House Democrats are imploring the Transportation Security Administration to continue allowing its employees to collectively bargain following a threat by the agency’s leader to terminate that right.
Frontline TSA employees first unionized in 2011 after a long-fought battle over whether employees vital to national security should be allowed to do so. Their current collective bargaining agreement is set to expire at the end of the year and the Trump administration is no longer committing to allowing its 45,000 transportation security officers to belong to a union.
“I have not made a decision yet on whether or not we will continue collective bargaining past the expiration of December 2019,” TSA Administrator David Pekoske told a congressional committee last month, “but we continue to work very closely with the bargaining unit employees and the non-bargaining unit employees.”
Pekoske added that he would “continue to work with [employees] on any workplace issues,” while noting his agency has a national advisory council composed of transportation security officers and that several security officers serve on his staff.
The Democrats on the House Homeland Security Committee wrote a letter to Pekoske on Friday saying such outreach does not replace collective bargaining, which they called critical to ensuring an adequate workforce necessary to protect the country.
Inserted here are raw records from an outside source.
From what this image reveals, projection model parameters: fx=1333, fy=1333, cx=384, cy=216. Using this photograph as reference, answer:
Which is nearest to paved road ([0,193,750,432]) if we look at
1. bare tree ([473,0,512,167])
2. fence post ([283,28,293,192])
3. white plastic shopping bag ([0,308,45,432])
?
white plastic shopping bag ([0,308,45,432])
The lawmakers highlighted a recent inspector general report that found high attrition rates and low morale among the TSA workforce. The auditors said that while TSA hired 9,600 screeners in fiscal 2017, nearly 8,100 officers left the agency. About one-quarter of the new hires left within the first six months of their start dates.
The high attrition and inadequate staffing were leaving the nation’s aviation system at risk, the IG said. The committee Democrats agreed, writing TSA “cannot secure the nation's transportation systems effectively without a well-trained and experienced frontline workforce.” They added collective bargaining is necessary to alleviate the agency’s current workforce problems.
“Collective bargaining provides an important avenue to addressing systemic workforce issues like those identified by the DHS OIG and employees surveys,” the lawmakers wrote. “Continuing to allow collective bargaining is critical to improving retention.”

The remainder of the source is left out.